Community stalwart Molly McGillicuddy, aged 97 – February 2025

Feb 2025

By Bruce Congalton

Well known Martinborough local, Molly McGillicuddy, died on 10 December 2024, aged 97.

The day before Molly’s funeral at St Anthony’s Church I sat with her nieces Mary and Sheryl, and nephew Peter, in their aunt’s home in Oxford Street.

They described her as a very private person, but also someone very involved in the Martinborough community. Molly was a member of the Lionesses, the Rose Society and St Johns Ambulance. She played golf at the Martinborough Golf Club from when she was very young, only resigning in her eighties.

For a long time Molly was involved with Wharekaka Rest Home, helping with fundraising, Meals on Wheels and in many other ways.

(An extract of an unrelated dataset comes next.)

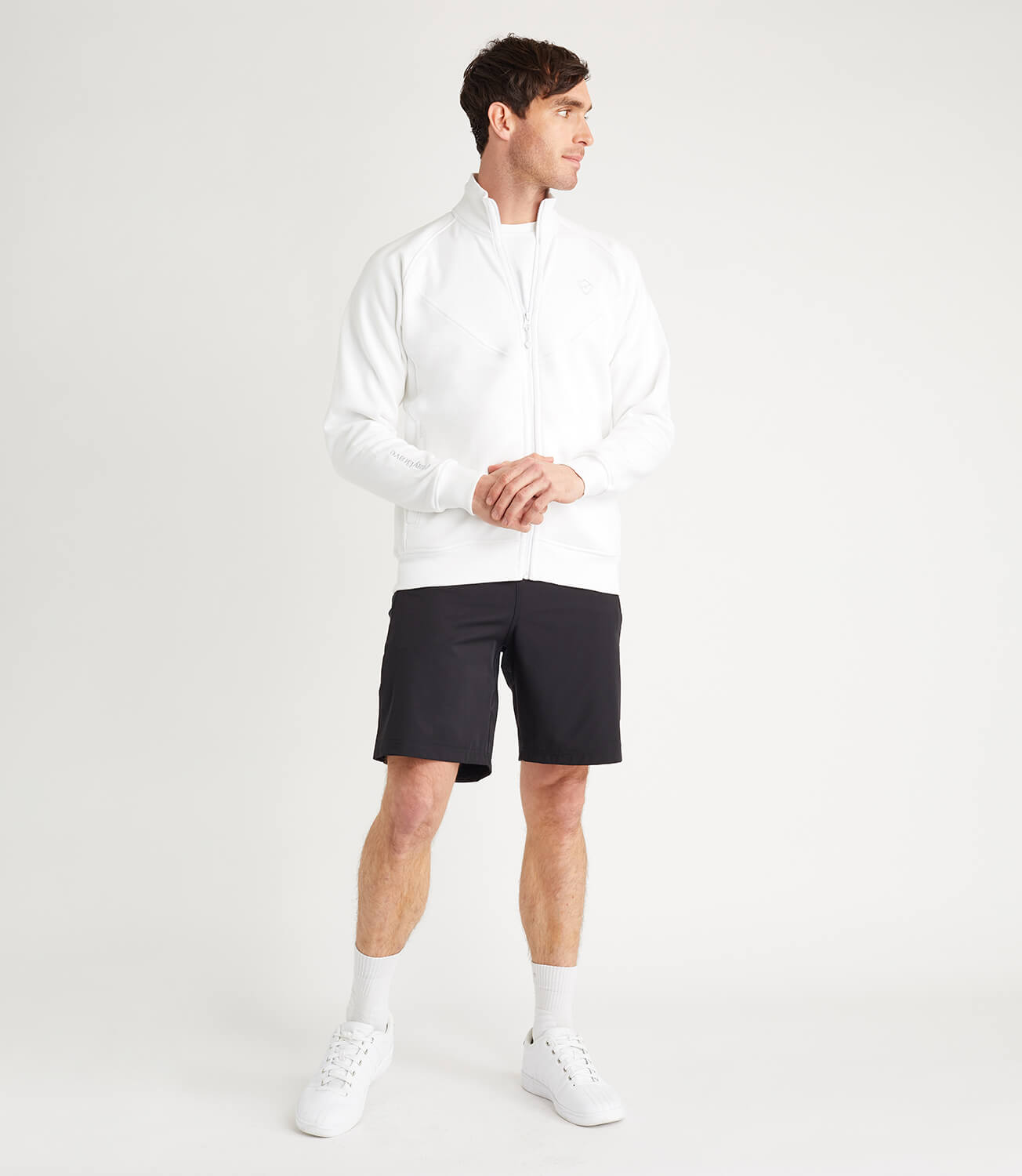 white cotton track jacket zipper activerwear playbrave sportswear tennis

In her eighties she learnt to use Facebook and became very proficient with it. That way that she could be up to date with what was going on in the community and keep in touch with those in it.

Molly was born in 1927, one of six children, starting life on the family farm at Dyerville. She worked from an early age helping her parents with the milking and other farm work. She attended Dyerville Primary School.

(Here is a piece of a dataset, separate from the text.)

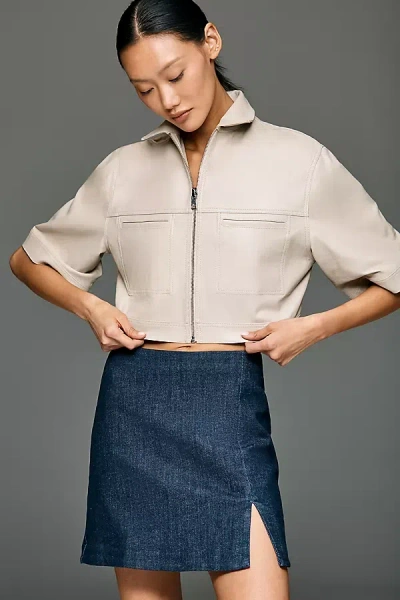 By Anthropologie Side-slit Denim Mini Skirt In Pink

When she was 29 the family moved into a new house in Oxford Street and Molly started working for the lawyer in Martinborough, Mr Gawith. Her job: balancing the ledgers. It was her first and only paid position and she stayed working there until she turned 60. Her nieces tell me that she was highly valued by Mr Gawith and he treated Molly like family.

I learnt that Molly had a soft, generous nature but was also very strong-willed: you didn’t want to cross her. She was close to all the neighbours around her and together they organised socials regularly at the Town Hall.

Living in the Oxford Street house, she looked after her parents until they died and then her brother Brian.

Gardening was one of her great loves, especially roses, which I could see blooming beautifully outside the window. Looking out to the driveway I saw her immaculately kept, old green Mazda which she drove until only a few months before she died. As well as being a dedicated gardener she was also a great cook and her nieces tell me she was famous in Martinborough for her bacon and egg pies and pavlova rolls.

Molly had a very deep, “old fashioned” kind of faith within the Catholic Church. She was determined that she would have a Requiem Mass in her local church, St Anthony’s of Padua.

While it had not been used for six years because it was considered unsafe due to the poor earthquake rating placed on it, local parish priest, Father Dennis Nacorda, gave special dispensation for her funeral to be held there.

The church was built in 1923 to replace the wooden one that was burnt down, so it’s very likely that Molly was christened in that same church where she was farewelled.

She had given clear instructions on which hymns should be sung and wanted an old favourite, “The Old Rugged Cross,” to be used as the Offertory Hymn.

As the recording by country singer Alan Jackson was being played at the end of the mass, the congregation quietly reflected on Molly’s long and fruitful life.

Caption: Molly McGillicuddy: a Martinborough life.